Dr. Singer notes that many patients present with advanced disease at the time of diagnosis, with established roles for cytoreductive surgery among patients with ovarian, colorectal, and breast cancer. However, there are often conflicting outcomes seen in prospective trials and observational studies. In a previously published systematic review, Bhindi et al.1 assessed whether cytoreductive nephrectomy versus no cytoreductive nephrectomy was associated with improved overall survival (OS) in patients with mRCC treated in the targeted therapy era and beyond.
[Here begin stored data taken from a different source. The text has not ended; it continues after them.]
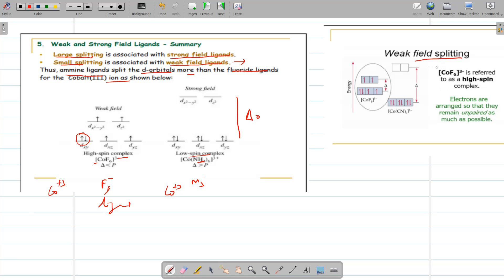In the case of CoF6³⁻, it is a high spin complex with delta O less, whereas with CN⁻ — a strong field ligand — delta O is large. As a result, electrons pair up in the t2g orbital giving a configuration of t2g⁶, making it a low spin complex. The F⁻ complex is high spin with configuration t2g⁴ eg².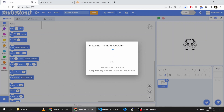Another important thing to keep in mind: do not change your browser tab or open any other application. Do not send your current browser tab into a background task, because then it will not get enough processing power and the installation may fail. Keep this browser tab in the foreground and keep it running.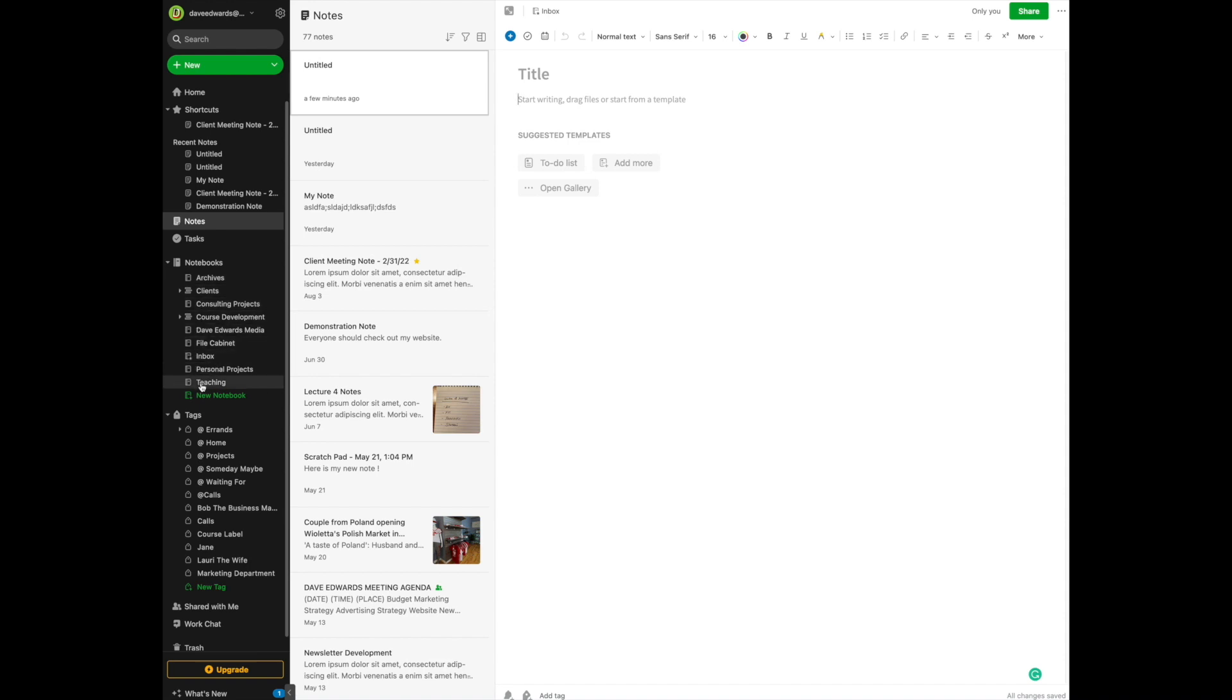Now, you can create up to 250 notebooks in a free account, or if you have a personal or a professional account, I believe the number is up to 1,000 notebooks. If you have a Teams account, you can share up to, are you ready for this, 10,000 notebooks.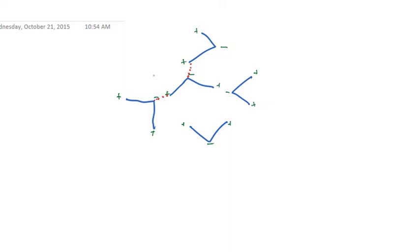We know water is a liquid, so these can't be fixed bonds. They have to be breaking and reforming all the time to allow water to be a liquid. But we have these temporary bonds holding our water particles together.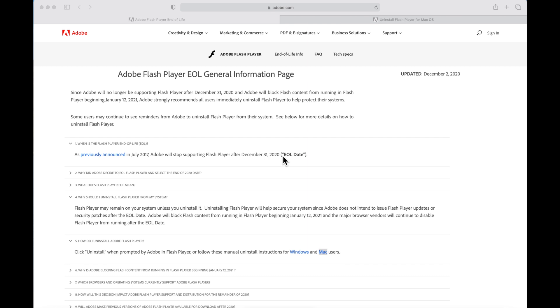Hey everyone, Mr. Macintosh here. Happy New Year 2021! Adobe has announced Flash Player is now end of life and totally dead. We need to uninstall Flash from your Mac if you have it installed. I'm going to walk you through an easy way to uninstall and make sure Flash is totally gone from your Mac. Let's jump in and get started.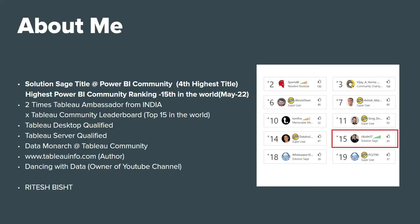But before that, who am I? I am Ritesh. Right now I have the Solution Sage title at Power BI Community, which is the fourth highest title. Apart from that, my highest Power BI Community ranking is 15th in the world, which I achieved recently in May 2022. I've worked on Tableau as well.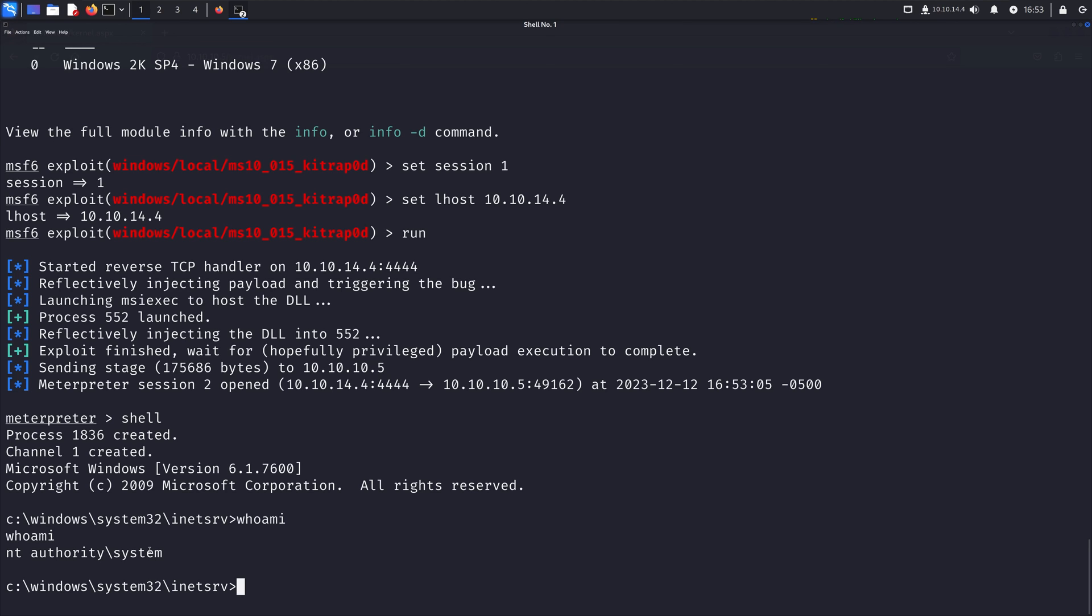And so basically we've elevated our privileges from the regular user to system, the highest authority. And how do we do that? Well we did that simply by using a built-in Metasploit module which allowed us to take advantage of a kernel exploit, which was in turn identified by local_exploit_suggester, another Metasploit module. So we used a Metasploit module to enumerate, then we used another Metasploit module to then capitalize on this exploit.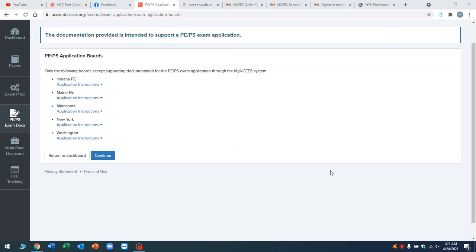Alright, so NCEES made it very easy to apply for your PE license if you're in the following states: Indiana, Maine, Minnesota, New York, and Washington, right? You can do everything online through NCEES. You don't have to go directly to the boards and fill out a bunch of paperwork and send it to them. NCEES will do the review and then send it to the boards for you. First of all, you want to go to your My NCEES account. I would be very worried if you don't have an NCEES account. Every engineer, especially going for the license, should have an account. This is the holy grail for engineers to get licensed.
They found that cytoreductive nephrectomy was associated with improved OS among patients with mRCC in 10 nonrandomized studies, while one randomized trial (CARMENA2) found that OS with sunitinib alone was non-inferior to that with cytoreductive nephrectomy followed by sunitinib. Notably, 12.9-30.4% of patients did not receive systemic therapy after cytoreductive nephrectomy. Good performance status and good/intermediate IMDC/MSKCC risk classification were most consistently predictive of OS benefit with cytoreductive nephrectomy. In a randomized trial investigating the sequence of cytoreductive nephrectomy and systemic therapy (SURTIME3), an OS trend was observed with cytoreductive nephrectomy after a period of systemic therapy in patients without progression compared with upfront cytoreductive nephrectomy.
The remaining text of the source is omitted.